Voilà des paroles tout à fait intéressants issues d’une époque bénie où Joey pensait davantage à la musique qu’à son compte en banque. Je trouve ce propos resplendissant tant il révèle tout le potentiel que renferme la musique et particulièrement le Heavy Metal : l’émancipation par la création artistique.


La musique de MANOWAR est si belle car elle transpire cette farouche volonté de s’élever, de prolonger son individualité (dans le sens positif du terme) au-delà du carcan de nos mornes existences. S’arracher à la vacuité des choses par des riffs surpuissants, des soli exubérants, des rythmiques en acier trempé, des cris sauvages ("Animals"). Notre musique ne serait pas aussi puissante si elle n’était pas habitée de cet esprit de révolte, qu’il soit conscient ou non.


En cette glorieuse année 1984, Joey et sa bande sont parvenus à atteindre leur but. Avec "Sign Of The Hammer", MANOWAR s’est élevé là où personne n’a pu les côtoyer.


À ceux qui m’ont demandé ce que je recherchais dans le Metal, j’ai souvent répondu la « puissance », « l’intensité ». "Sign Of The Hammer" me paraît constituer l’œuvre la plus puissante de l’univers et l’intensité qui s’en dégage est si forte qu’elle arrache des larmes. Et tout cela avec une formation Rock traditionnelle et quelques chœurs. Le Heavy épique tire vraiment sa force de son minimalisme.

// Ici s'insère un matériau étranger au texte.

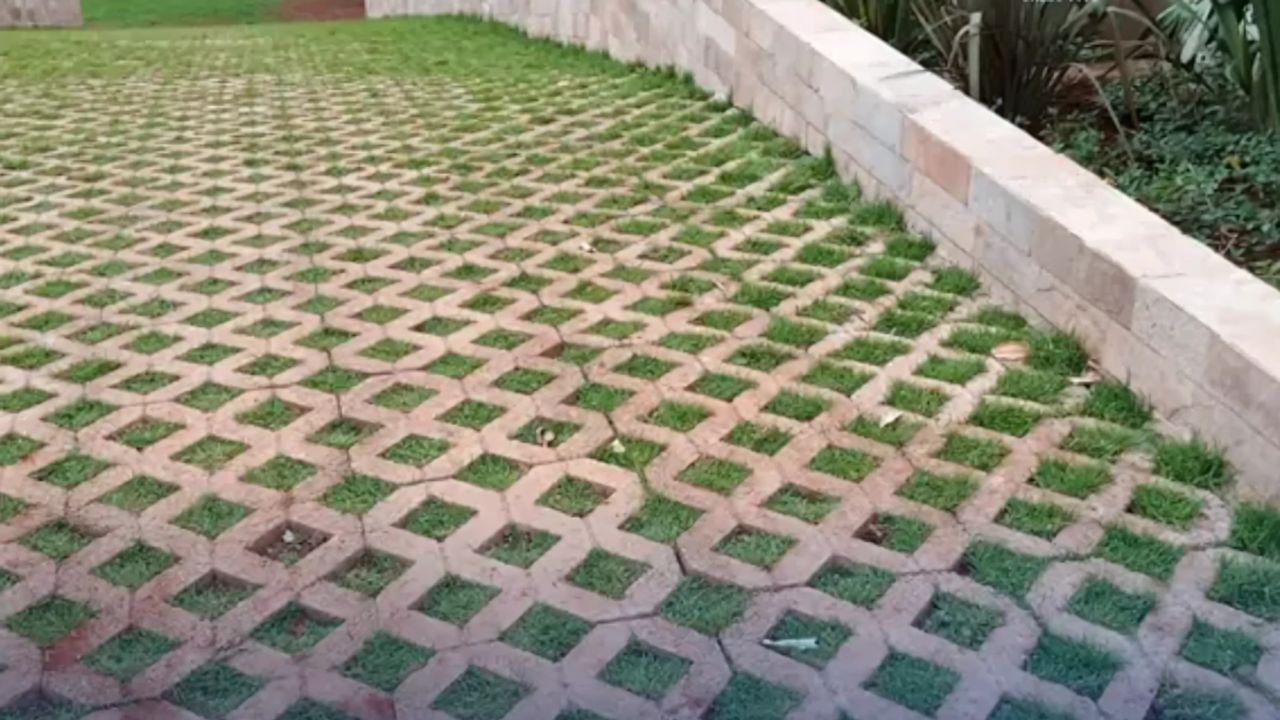 Lantai Carport Rumput dan Paving Block (Grass Block)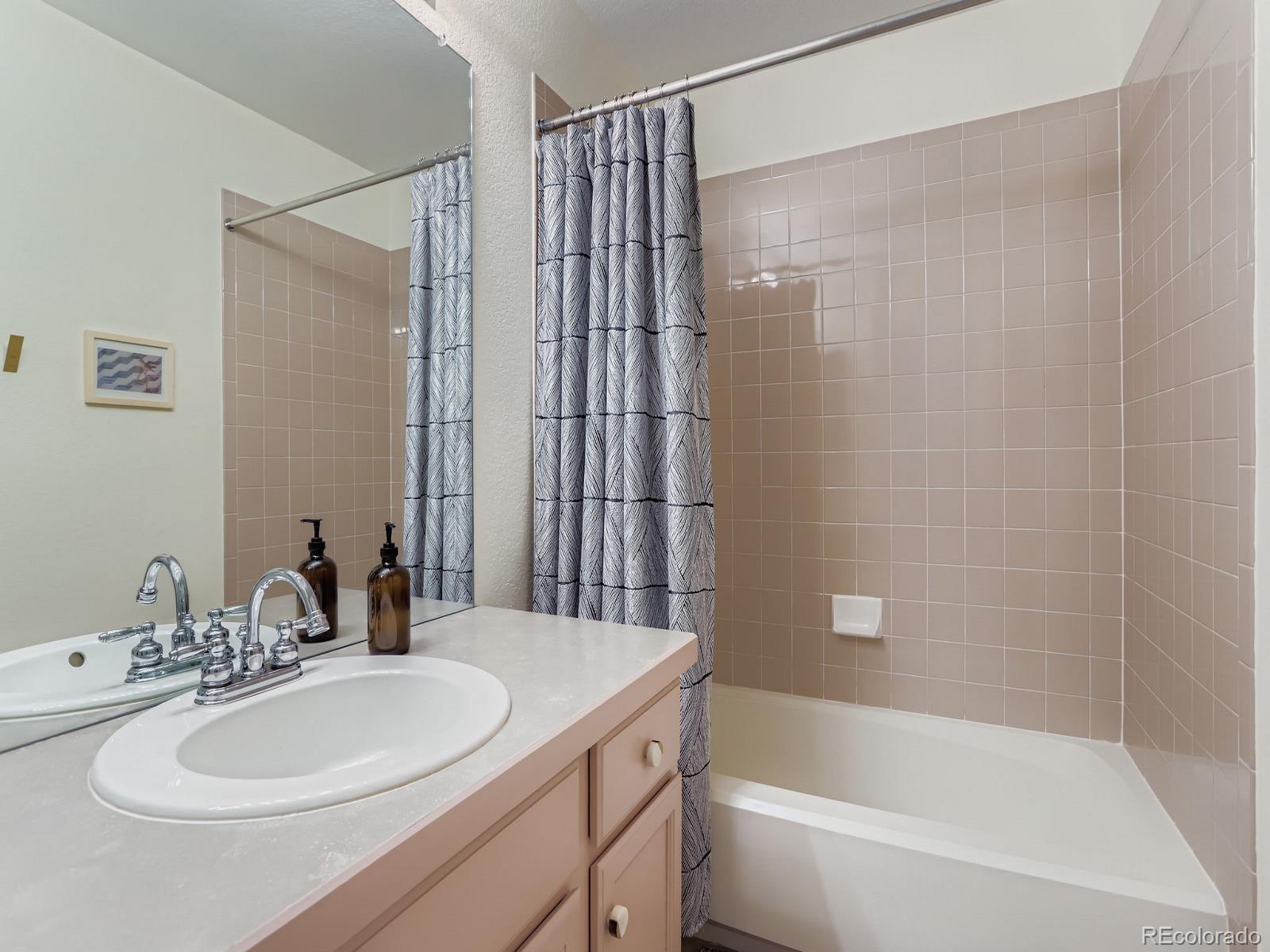 MLS Image #22 for 4033  hawthorne circle,longmont, Colorado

Prenez "Thor (The Powerhead)" : il y a là l'essence du groupe. Impossible de ne pas bomber le torse et serrer le poing en écoutant ce titre. Cette chevauchée épique sied parfaitement au dieu auquel elle est dédiée : riff simple et pourtant à se damner, refrain lumineux, chœurs tout droit venus d’Asgard et LE chant d’Eric à tomber par terre. Le tout s’achève dans un final apocalyptique qui n’est pas sans évoquer Ragnarok (« Gods , monsters and men will die in the end »). Peut-on faire mieux ?


Les arpèges cristallins de la 8-cordes zébrée résonnent alors. Le contraste de "Mountains" est saisissant mais harmonieux. Le calme après la tempête. Eric pose délicatement sa voix. Frissons. On s’élève avec lui, en paix avec soi-même jusqu’à ce refrain hallucinant qui nous plonge dans une transe explosive. Ce qui est magistral dans ce morceau, c’est la communion qu’atteignent la guitare et la basse au moment du solo. Les deux instruments se répondent mutuellement, gracieusement. Ross nous offre ici une superbe leçon de feeling tant chaque note est gorgée d’émotion. Nul besoin de technique ou de rapidité ici. Divin et inégalable.


Évidemment, nos quatre warriors nous gratifient de valeureux hymnes guerriers avec le titre éponyme, cavalcade triomphante aux paroles jouissives ou encore "The Oath", rouleau compresseur ou les soli de Ross explosent de partout. L’opener "All Men Play On Ten" est également excellent avec son groove irrésistible.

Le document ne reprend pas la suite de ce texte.